**** Input records

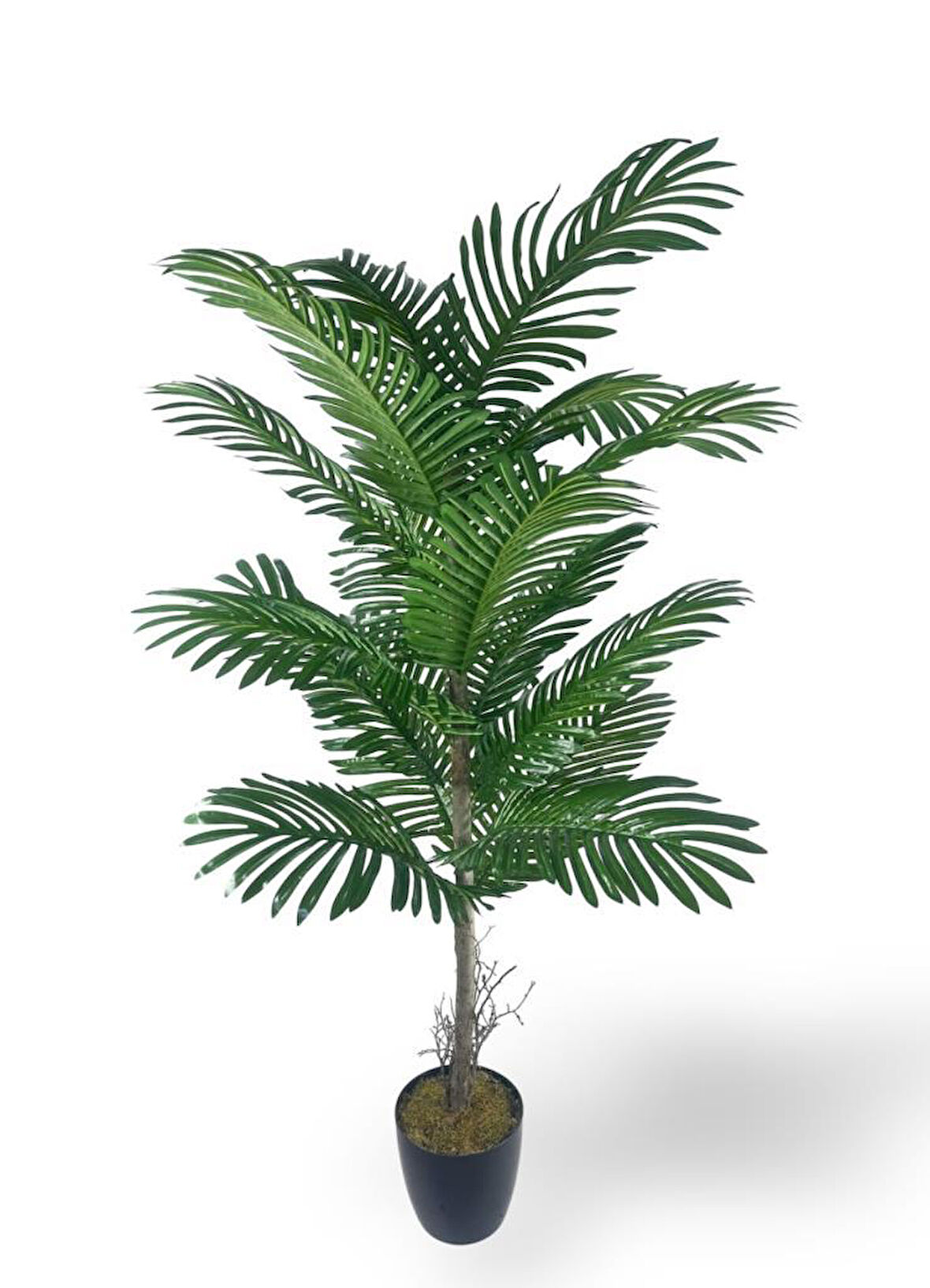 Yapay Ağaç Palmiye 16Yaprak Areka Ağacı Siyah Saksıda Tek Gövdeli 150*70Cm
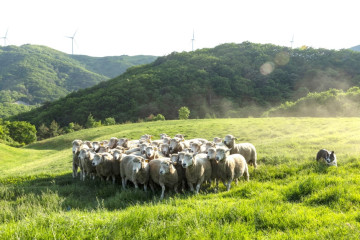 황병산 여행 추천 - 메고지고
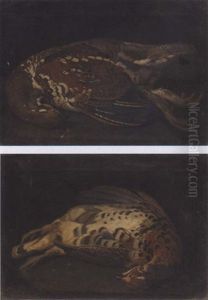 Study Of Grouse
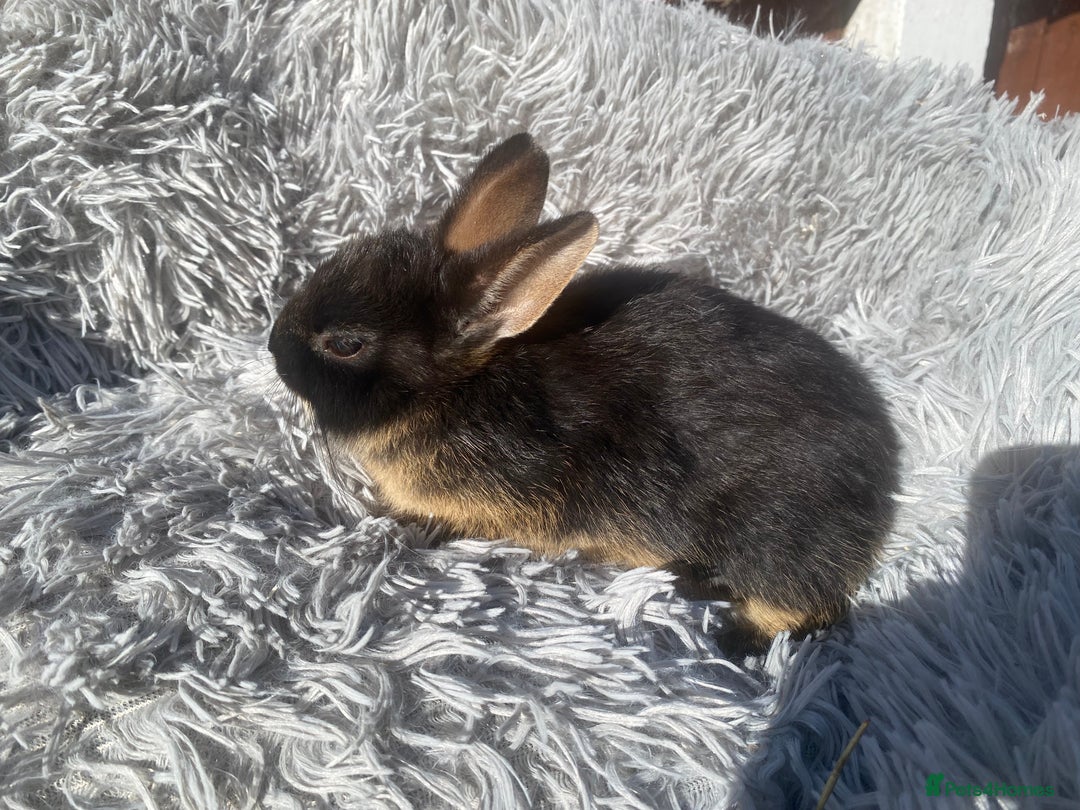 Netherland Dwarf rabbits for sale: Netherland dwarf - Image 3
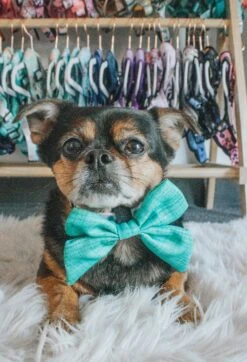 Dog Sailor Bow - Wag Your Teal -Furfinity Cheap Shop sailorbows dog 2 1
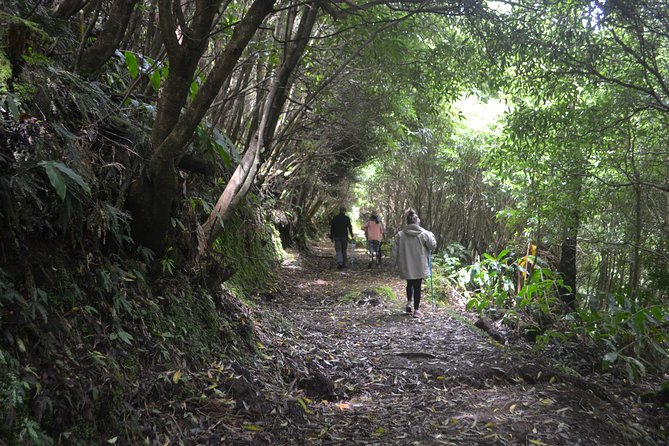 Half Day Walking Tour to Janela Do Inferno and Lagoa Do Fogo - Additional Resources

********
**** Input records

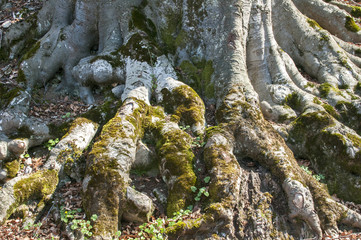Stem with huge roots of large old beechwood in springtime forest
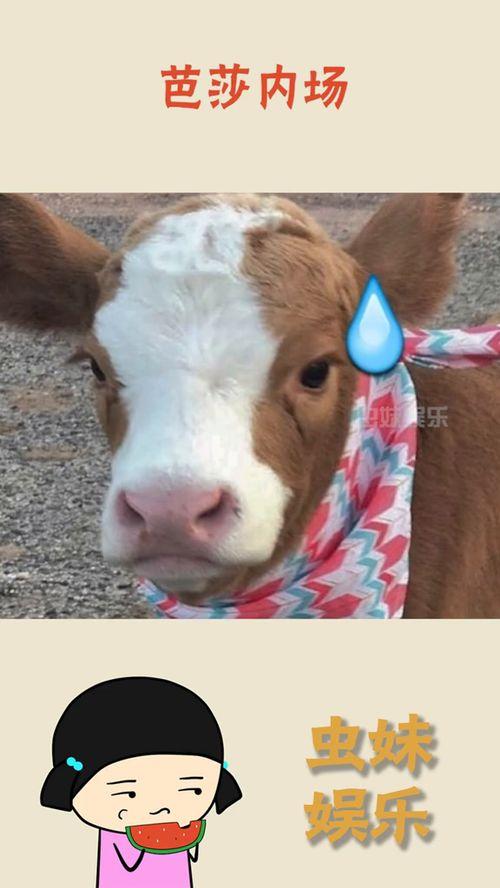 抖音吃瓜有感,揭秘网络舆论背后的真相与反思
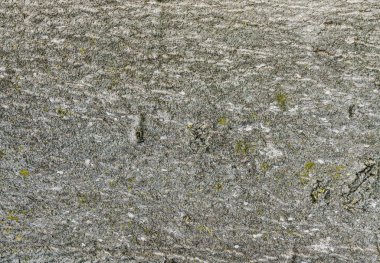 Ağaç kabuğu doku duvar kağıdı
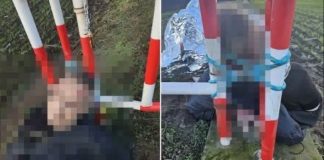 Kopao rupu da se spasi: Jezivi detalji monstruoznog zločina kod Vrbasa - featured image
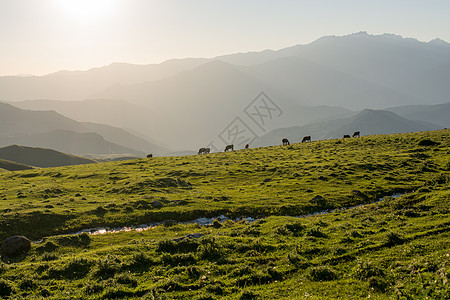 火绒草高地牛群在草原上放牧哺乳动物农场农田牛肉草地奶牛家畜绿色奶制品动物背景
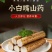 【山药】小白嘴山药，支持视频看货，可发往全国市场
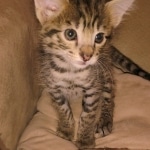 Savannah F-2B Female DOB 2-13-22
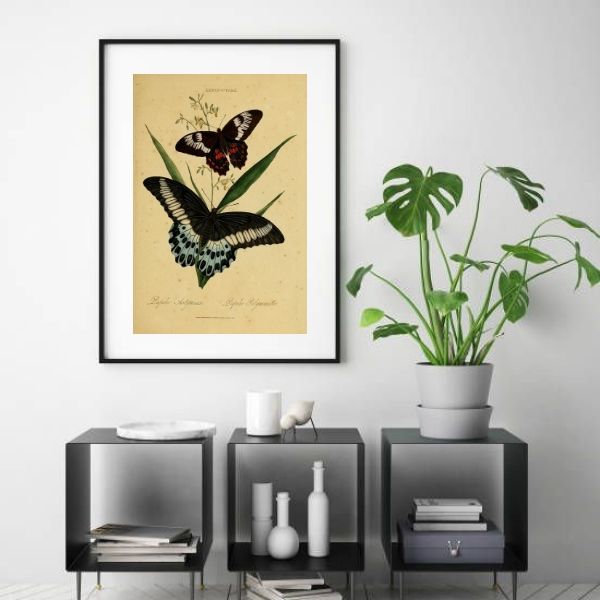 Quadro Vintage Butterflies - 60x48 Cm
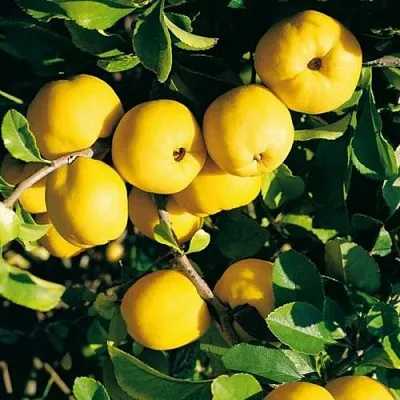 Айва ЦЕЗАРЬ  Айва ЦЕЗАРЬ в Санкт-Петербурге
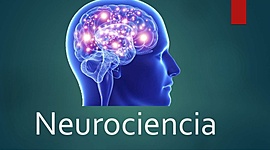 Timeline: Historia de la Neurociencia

********

• **What the exercise asks**: An exact copy is needed. It runs from the line above containing "Netherland Dwarf rabbits" down to the line containing "Half Day Walking", both included, with no pictures.

• **Result for this exercise**:
 Netherland Dwarf rabbits for sale: Netherland dwarf - Image 3
 Dog Sailor Bow - Wag Your Teal -Furfinity Cheap Shop sailorbows dog 2 1
 Half Day Walking Tour to Janela Do Inferno and Lagoa Do Fogo - Additional Resources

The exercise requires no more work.